### Exercise instructions
Nothing but the lines below from the one containing "Plakat des Jahres" through the one containing "Stuffable Travel Neck" should appear in the answer, exact and without pictures.

### Provided material
::::::::
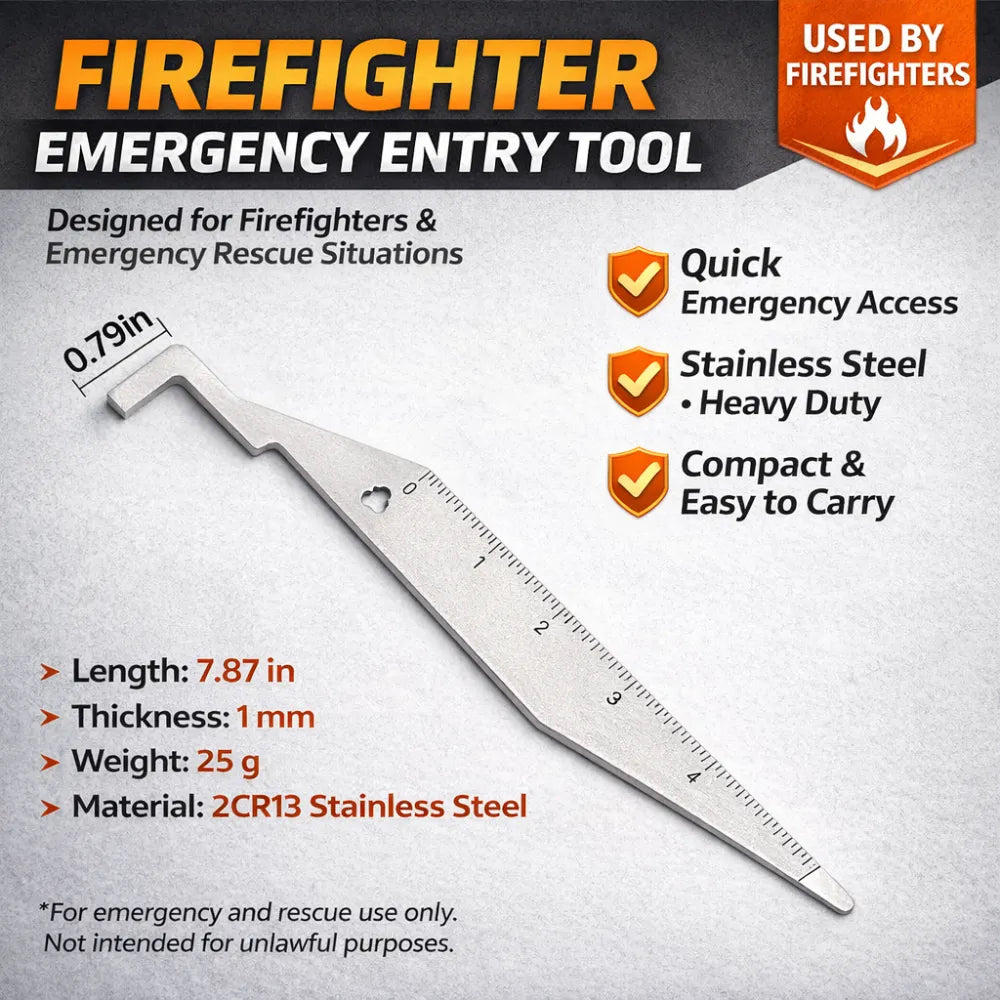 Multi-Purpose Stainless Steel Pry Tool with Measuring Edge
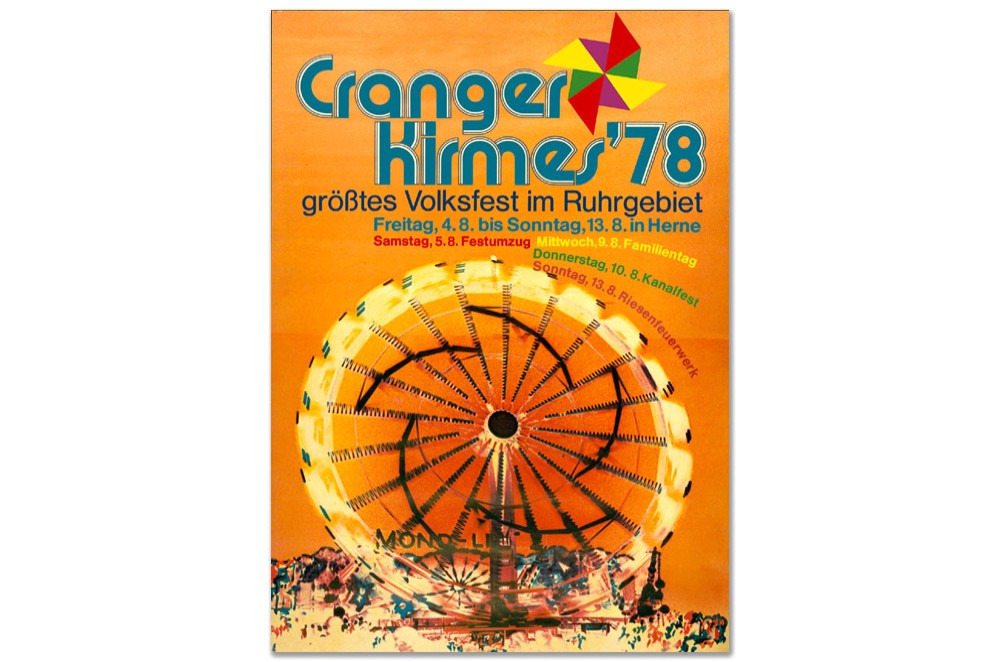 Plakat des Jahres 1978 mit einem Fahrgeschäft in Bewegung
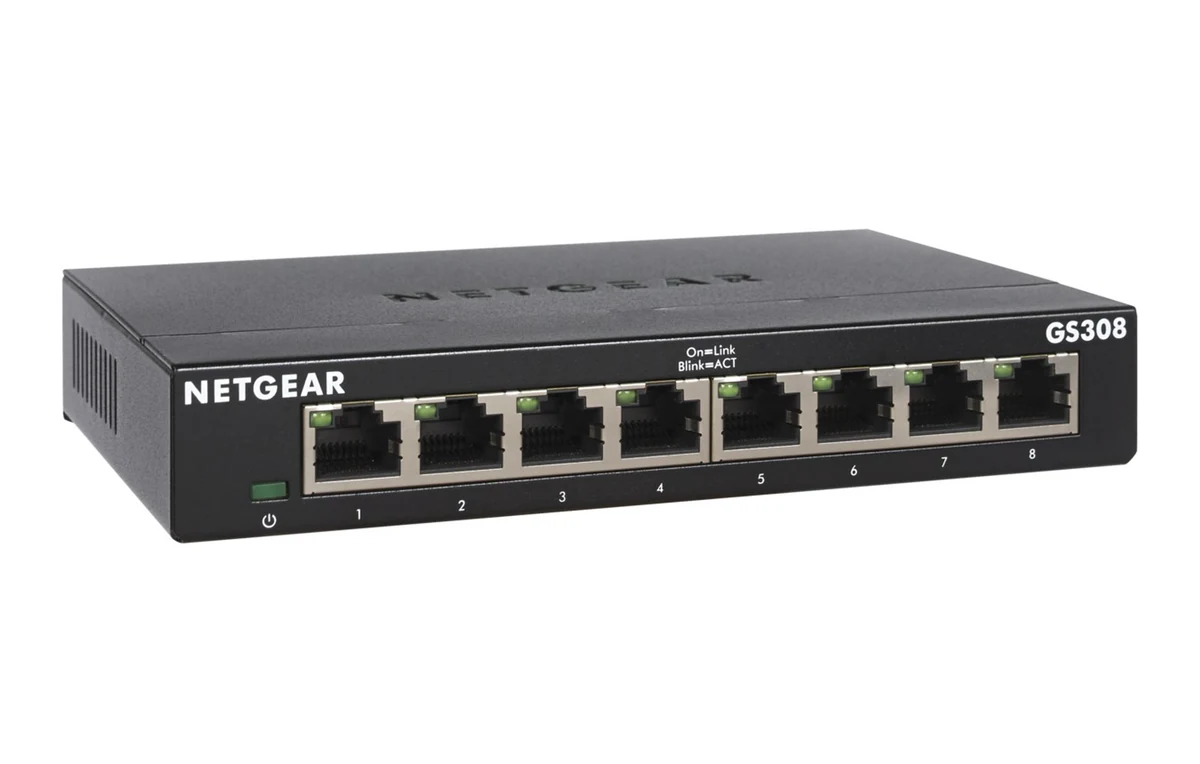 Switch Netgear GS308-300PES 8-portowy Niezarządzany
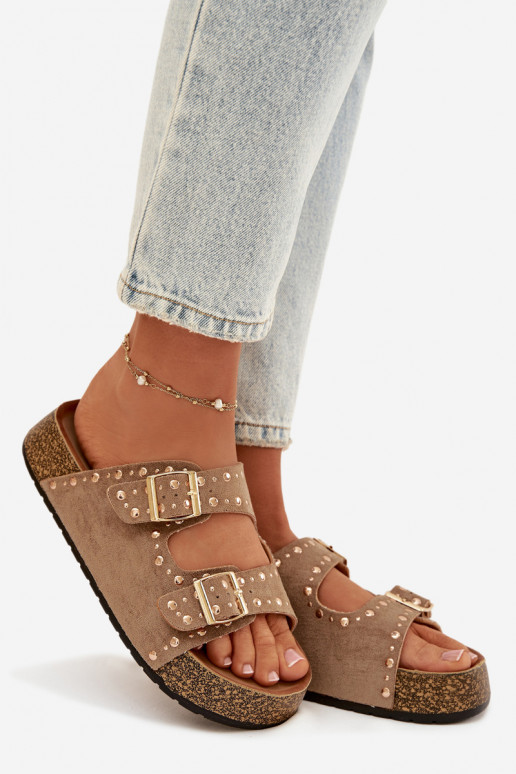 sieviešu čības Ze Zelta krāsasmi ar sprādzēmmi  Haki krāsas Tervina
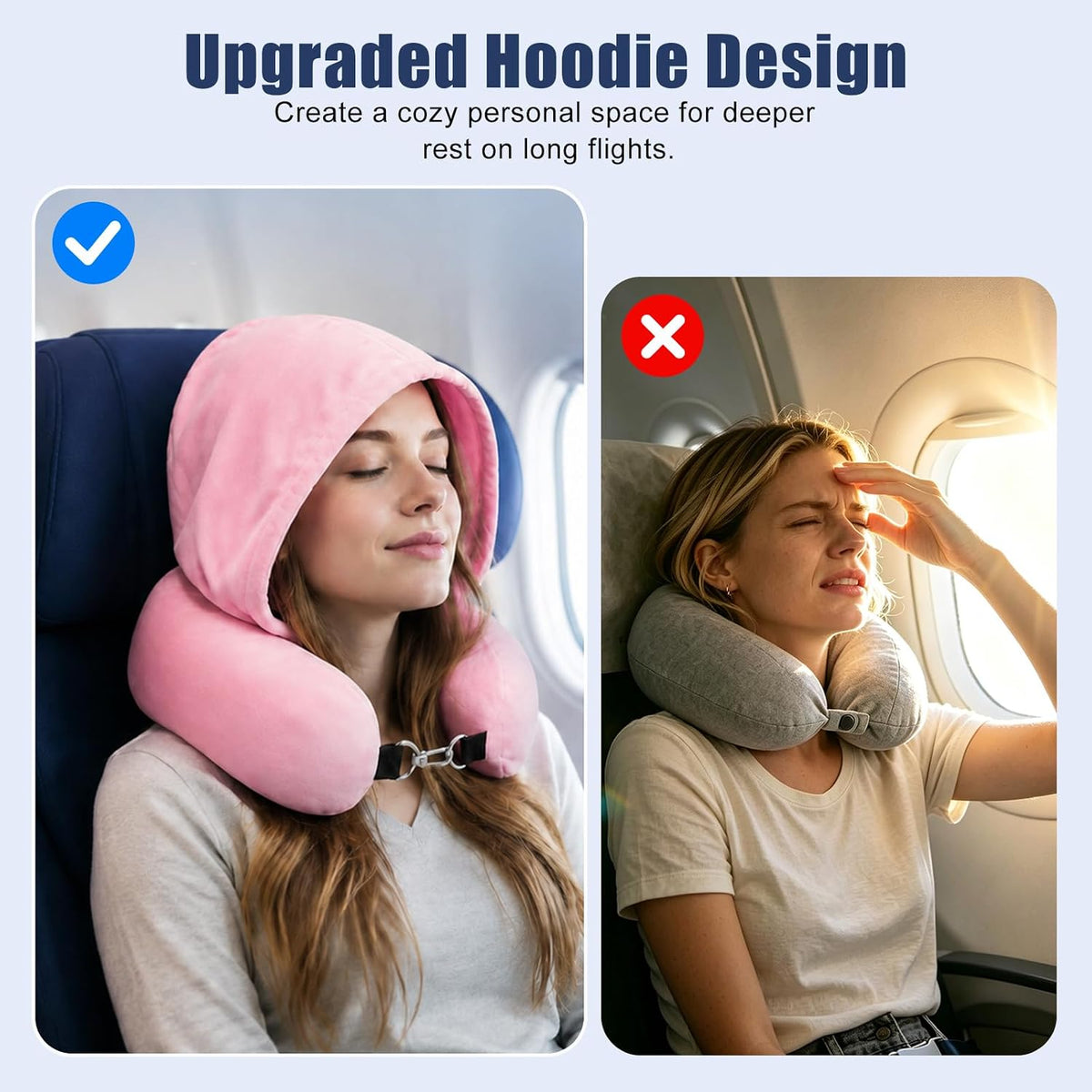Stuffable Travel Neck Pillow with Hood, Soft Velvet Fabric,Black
::::::::
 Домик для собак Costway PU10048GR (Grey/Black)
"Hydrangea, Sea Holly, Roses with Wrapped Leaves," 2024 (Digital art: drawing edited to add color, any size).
::::::::
### Exercise output
 Plakat des Jahres 1978 mit einem Fahrgeschäft in Bewegung
 Switch Netgear GS308-300PES 8-portowy Niezarządzany
 sieviešu čības Ze Zelta krāsasmi ar sprādzēmmi  Haki krāsas Tervina
Stuffable Travel Neck Pillow with Hood, Soft Velvet Fabric,Black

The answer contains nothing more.